Amalgamating the old and the new and unravelling the mysticism, artist Vineet Kacker’s ceramic works has a metaphoric slide seamlessly blending into his art.

Amalgamating the old and the new and unravelling the mysticism, artist Vineet Kacker’s ceramic works has a metaphoric slide seamlessly blending into his art. His recent solo exhibition titled “Should I look for You, Should I lose myself” is based on his personal engagement with mystical philosophies.

An architect by education, his shift as a ceramic artist was very gradual. Vineet is a Fulbright scholar and loves to mix different techniques. On display are around 30 ceramic installations by the artist. Talking about his inspiration Vineet says, “My work is inspired by my travels through the high Himalayan regions. It draws upon art and architecture that refers the sacred. Though not aligned to any particular established tradition or religion, the work is born out of an active personal engagement with the eastern philosophies. It is also inspired by the organic nature and incremental growth of informal street shrines all over the Indian subcontinent, where associations of faith, often contested, have the ability to transform the meaning of ordinary objects.”

Adding to him, Anu Bajaj, director Gallery Art Positive says, “The interplay of experiences that thread time, mind and transcendence is evident in his works.”

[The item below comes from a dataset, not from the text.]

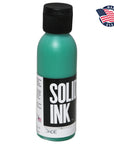 Bottle of Solid Ink jade color with a black cap on a white background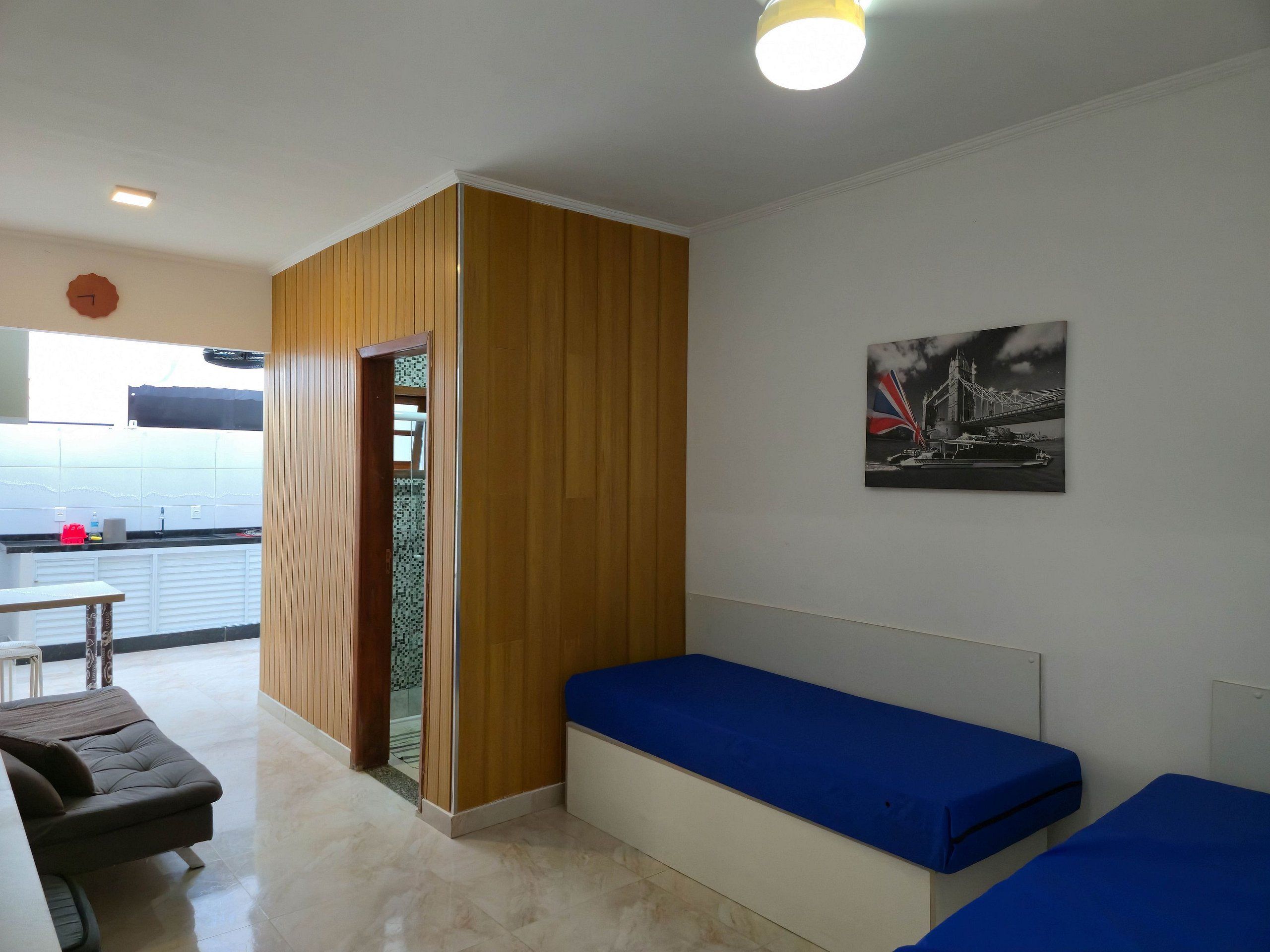 Una habitación con separador de madera, una cama con ropa de cama azul, un banco y un cuadro colgado en la pared.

Vineet feels that in all spiritual traditions, two distinct paths are suggested to those who seek enlightenment. “One is the path of prescribed practices, guiding rules and tenets. The path of gyana, which uses engagement with spiritual texts and practices to gradually deepen the understanding of the practitioner. The other path is of bhakti,” he adds.

He continues, “While gyana is likened to learning how to swim — as one’s technique develops, one can navigate with ease waters that seemed mysterious, unknowable, even threatening. Bhakti, on the other hand, is the willingness to surrender all that one holds dear to oneself, without worrying about the consequences.”

His work titled ‘Silence–Violence’, explores the seeds of both the elements present within every human being; whereas ‘Topographies of a Formless World’ is the artist’s representation of a formless world best understood from an elevation. Another work of his titled ‘The Architecture of Dissolution’ is a series of stupas that are reliquaries built for ones who have been able to attain a state of dissolution of their individual identity. “The work represents the indeterminable distance between aspiration and alchemy are tableaus that are travelogues through an indeterminable landscape,” shares the artist

Most of his works are based on an engagement with certain ideas and philosophies. Vineet states, “The actual process of making is very tactile, very alive — one in which the maker can take a backseat to the process of creativity. I enjoy this direct engagement that clay as a material affords. For the duration of my time in my studio, I am in another world. Its only later that one assembles the different parts, or engages with other processes like firing, incorporates other materials — one witnesses an idea, almost ephemeral, being transformed into an tangible work.”